Vários
dos meus melhores amigos, quando eu era criancinha, eram de desenhos animados e
de gibis. Eles eram tão legais quanto os melhores amigos da vida. Ninguém
brigava comigo, nem os amigos de verdade e nem os dos desenhos e das histórias
em quadrinhos, que também eram “de verdade” para minha imaginação infantil; os
amigos dos desenhos só brigavam entre si na TV e nas revistas, mas ninguém
nunca se machucava – ou não se machucava muito – ou morria. Nos gibis do
Gasparzinho, os fantasmas e os diabinhos também não morriam. Ninguém morria,
nem os mortos.
Lembro de
uma visita à tarde de uma tia lá no apê da minha infância. Ela ficava abismada
toda vez que via um amigo meu atirando no outro na TV. Achava os desenhos muito
violentos.
- É
normal tia, ninguém morre de verdade.
Bem nesta
hora em que esta minha tia apareceu em casa sem eu saber, o Jerry matou o Tom
com um tiro. Ele não foi pro céu e voltou. Ele morreu mesmo, da famosa morte
matada.
- Viu, te
falei!

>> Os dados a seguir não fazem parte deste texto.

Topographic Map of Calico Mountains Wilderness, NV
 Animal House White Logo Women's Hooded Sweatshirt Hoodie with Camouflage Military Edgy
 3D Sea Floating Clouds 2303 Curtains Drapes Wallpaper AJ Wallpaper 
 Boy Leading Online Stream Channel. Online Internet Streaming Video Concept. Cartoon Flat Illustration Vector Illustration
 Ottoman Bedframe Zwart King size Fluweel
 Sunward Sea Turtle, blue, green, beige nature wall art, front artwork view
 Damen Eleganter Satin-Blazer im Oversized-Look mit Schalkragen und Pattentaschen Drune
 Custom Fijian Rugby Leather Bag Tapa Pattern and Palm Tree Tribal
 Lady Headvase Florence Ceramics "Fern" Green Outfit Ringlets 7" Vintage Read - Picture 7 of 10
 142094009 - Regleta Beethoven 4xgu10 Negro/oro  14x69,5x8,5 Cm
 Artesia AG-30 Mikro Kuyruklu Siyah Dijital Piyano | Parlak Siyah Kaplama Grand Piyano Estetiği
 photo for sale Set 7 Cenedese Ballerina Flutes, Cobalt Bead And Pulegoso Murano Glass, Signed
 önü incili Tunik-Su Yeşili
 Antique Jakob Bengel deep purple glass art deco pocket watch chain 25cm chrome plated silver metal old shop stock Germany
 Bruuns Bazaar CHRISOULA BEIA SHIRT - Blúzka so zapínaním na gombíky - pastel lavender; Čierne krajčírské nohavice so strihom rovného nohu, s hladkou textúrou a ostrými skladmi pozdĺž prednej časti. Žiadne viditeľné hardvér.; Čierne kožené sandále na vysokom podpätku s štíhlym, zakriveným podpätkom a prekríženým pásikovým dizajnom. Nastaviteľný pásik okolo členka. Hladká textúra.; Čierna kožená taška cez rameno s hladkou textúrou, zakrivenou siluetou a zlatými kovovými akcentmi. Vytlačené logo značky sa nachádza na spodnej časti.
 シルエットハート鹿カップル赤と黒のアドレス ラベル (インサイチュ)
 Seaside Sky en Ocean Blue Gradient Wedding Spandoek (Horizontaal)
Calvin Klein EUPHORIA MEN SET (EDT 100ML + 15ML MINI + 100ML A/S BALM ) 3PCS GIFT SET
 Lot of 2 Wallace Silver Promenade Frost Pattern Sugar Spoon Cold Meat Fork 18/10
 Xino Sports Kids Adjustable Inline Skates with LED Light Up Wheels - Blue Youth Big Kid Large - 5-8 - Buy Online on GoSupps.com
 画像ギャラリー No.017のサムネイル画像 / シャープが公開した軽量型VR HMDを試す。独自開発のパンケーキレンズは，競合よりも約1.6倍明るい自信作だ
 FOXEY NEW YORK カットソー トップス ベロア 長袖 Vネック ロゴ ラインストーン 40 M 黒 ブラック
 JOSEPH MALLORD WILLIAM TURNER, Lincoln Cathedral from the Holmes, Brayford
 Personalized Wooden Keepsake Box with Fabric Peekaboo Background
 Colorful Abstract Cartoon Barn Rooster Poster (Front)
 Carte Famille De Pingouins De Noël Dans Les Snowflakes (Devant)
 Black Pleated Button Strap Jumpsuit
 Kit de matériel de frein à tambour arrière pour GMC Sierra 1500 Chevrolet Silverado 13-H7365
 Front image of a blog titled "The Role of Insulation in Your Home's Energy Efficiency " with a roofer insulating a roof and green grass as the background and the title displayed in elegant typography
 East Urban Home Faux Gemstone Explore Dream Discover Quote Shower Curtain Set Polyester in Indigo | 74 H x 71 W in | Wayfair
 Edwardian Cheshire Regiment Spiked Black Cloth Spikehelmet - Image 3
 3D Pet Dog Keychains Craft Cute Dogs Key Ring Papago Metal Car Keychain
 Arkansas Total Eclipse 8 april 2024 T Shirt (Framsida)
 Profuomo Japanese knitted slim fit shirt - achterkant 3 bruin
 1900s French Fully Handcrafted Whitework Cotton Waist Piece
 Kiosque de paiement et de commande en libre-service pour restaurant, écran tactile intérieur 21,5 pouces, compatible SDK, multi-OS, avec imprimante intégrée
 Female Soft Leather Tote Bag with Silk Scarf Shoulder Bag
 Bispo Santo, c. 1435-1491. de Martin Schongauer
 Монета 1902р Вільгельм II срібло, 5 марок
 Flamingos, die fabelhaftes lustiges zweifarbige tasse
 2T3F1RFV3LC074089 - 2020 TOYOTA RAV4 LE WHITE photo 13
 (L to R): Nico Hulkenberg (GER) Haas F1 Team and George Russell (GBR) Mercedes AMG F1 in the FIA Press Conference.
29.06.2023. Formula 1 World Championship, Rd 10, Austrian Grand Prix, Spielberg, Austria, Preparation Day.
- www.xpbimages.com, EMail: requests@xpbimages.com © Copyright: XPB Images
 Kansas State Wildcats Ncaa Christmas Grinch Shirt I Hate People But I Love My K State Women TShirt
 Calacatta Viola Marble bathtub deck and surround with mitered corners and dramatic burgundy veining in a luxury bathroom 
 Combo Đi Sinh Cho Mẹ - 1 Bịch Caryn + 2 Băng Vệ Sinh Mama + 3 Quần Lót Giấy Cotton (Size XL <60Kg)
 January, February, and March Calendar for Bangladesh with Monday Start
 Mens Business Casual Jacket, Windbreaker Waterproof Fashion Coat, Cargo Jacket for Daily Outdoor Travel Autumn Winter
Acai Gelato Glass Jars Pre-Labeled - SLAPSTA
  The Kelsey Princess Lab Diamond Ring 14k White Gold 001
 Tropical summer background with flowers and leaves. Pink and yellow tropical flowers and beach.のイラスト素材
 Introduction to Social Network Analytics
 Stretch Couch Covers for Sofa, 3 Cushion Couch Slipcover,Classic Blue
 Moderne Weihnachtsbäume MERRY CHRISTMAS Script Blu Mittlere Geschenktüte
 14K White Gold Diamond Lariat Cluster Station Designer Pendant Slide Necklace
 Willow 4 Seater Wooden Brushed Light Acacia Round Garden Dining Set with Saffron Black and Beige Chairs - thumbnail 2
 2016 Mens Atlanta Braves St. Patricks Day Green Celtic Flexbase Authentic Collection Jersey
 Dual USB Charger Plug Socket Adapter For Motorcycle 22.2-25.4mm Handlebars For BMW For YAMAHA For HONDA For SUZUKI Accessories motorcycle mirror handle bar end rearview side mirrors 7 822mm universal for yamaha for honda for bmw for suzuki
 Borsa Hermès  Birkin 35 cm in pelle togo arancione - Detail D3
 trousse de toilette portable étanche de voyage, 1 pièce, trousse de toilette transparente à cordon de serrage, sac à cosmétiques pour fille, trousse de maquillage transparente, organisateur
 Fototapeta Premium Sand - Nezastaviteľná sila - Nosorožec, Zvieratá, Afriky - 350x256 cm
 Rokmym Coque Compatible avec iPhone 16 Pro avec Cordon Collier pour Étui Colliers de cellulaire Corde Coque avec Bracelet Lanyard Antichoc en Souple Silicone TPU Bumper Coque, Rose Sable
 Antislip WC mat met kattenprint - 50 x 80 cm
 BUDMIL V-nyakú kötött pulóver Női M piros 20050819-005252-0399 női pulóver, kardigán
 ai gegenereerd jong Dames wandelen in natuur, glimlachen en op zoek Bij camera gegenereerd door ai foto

As pessoas morrem sim – ela implicou.
Lá se foi uma inocência.
Esta crônica foi publicada no Jornal da Cidade (Poços de Caldas) em 23 de setembro de 2017. É uma versão levemente reescrita, com um final que julgo muito melhor, do meu miniconto autobiográfico Comsat Angels, publicado aqui no blog em 23 de novembro de 2015 e agora despojado de seus poucos elementos ficcionais. O estilo, imitando a escrita infantil, foi fortemente influenciado pela leitura do livro Brinquedo, de Aran Carriel. O título é justamente uma tradução aproximada de Comsat Angels e homenageia a banda inglesa pós punk de mesmo nome. A capa escaneada do gibi do Brasinha foi tirada de um site de HQ e creio que não infringe - ao menos espero que não infrinja - nenhum direito autoral, por ser um registro histórico de uma revista já extinta. Já a havia usado de ilustração na postagem do texto original.